DescriptiveConcepts

GregorHagedorn - Tue Aug 28 2007 - Version 1.16
Parent topic: SddContents

SDD Part 0: Introduction and Primer to the SDD Standard

3.17 Descriptive concepts.

Descriptive Concepts in SDD comprise terminological and ontological elements used in descriptions that extend the simple characters and states defined in the <Characters> element. Core descriptive concepts include score modifiers, grouping concepts used in character trees, and "global" (re-useable) states.

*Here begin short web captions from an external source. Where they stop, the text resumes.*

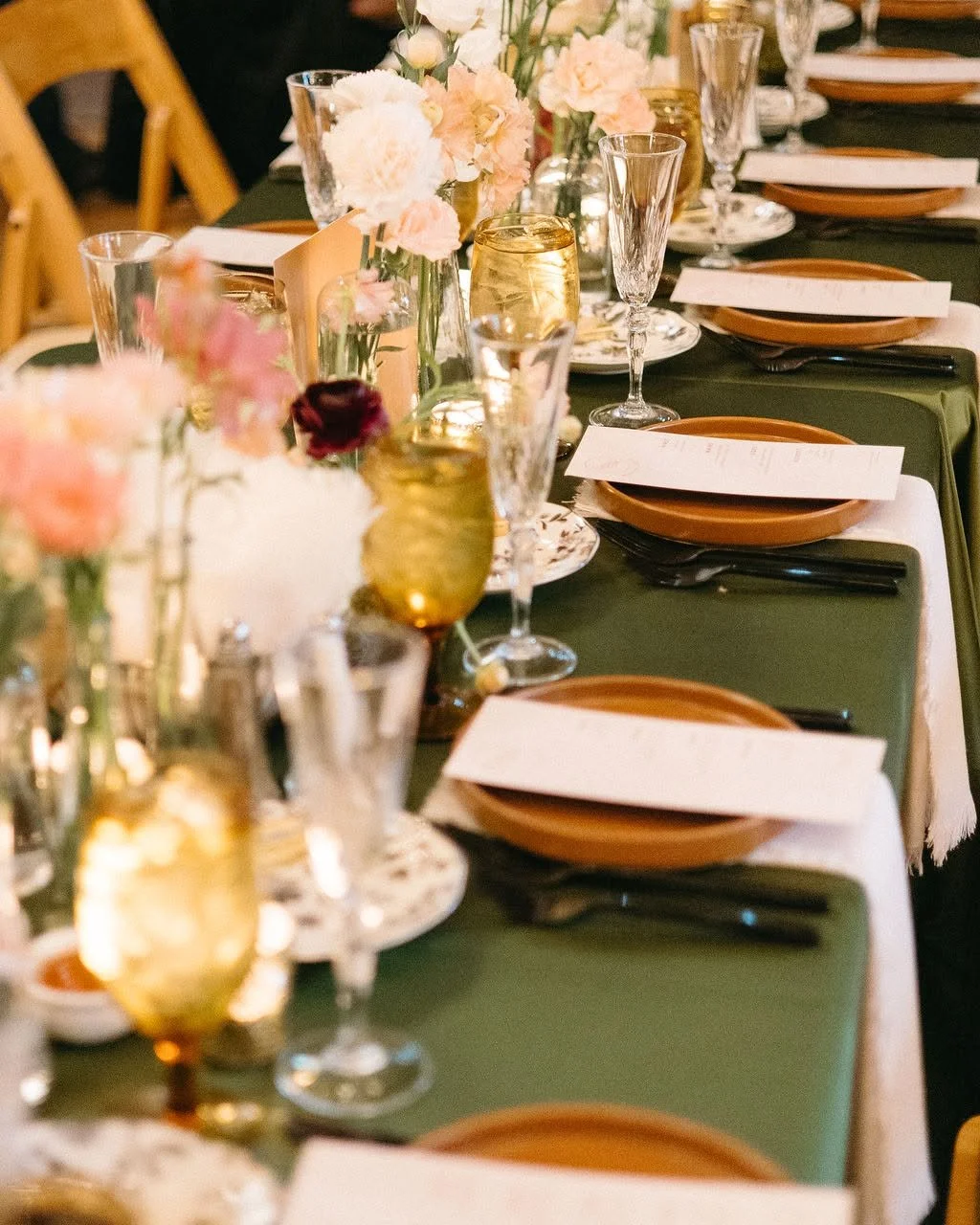 Reliving these vibes from Pamela and Jason's wedding - warm meets rustic meets mid century meets boho. 

Venue: @thebarnatfallingwater 
Photos: @sarahjamessphotography 
Florist: @steelcityflorals 
Rentals: @the1978collection 
Catering: @bistrotogo_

Score modifiers are data elements used to modify a standard score (code) in a coded description. For example, flowers in Viola odorata are normally violet but rarely white. In a coded description, the state "white" of the character "Flower colour" can be annotated with the modifer "rarely". The modifer and its meaning are defined in <DescriptiveConcepts>.

Grouping concepts are used when characters (defined in <Characters>) are arranged into character trees (in <CharacterTrees>). For example, the characters "Eye colour" and "Eye shape" may be arranged under the grouping concept "Eyes". The concept is defined in <DescriptiveConcepts> and referenced in <CharacterTrees>.

Global states are states used in multiple places in a character list. For example, the states "blue" and "white" may be used to describe both scales and fins in descriptions of fish. The states may be defined in <DescriptiveConcepts> then referenced for several characters in <Characters>.

3.17.1 Data modifier definitions.

In SDD all modifiers for probability (e.g. "possibly"), frequency (e.g. "rarely"), degree (e.g. "strongly"), timing (e.g. "when mature"), location (e.g. "at the base"), etc. are centrally managed using the <Modifers> element.

A simple SDD instance document for data modifiers (as used by Lucid (www.lucidcentral.org) has the basic structure shown below and in Example 3.17.1.1.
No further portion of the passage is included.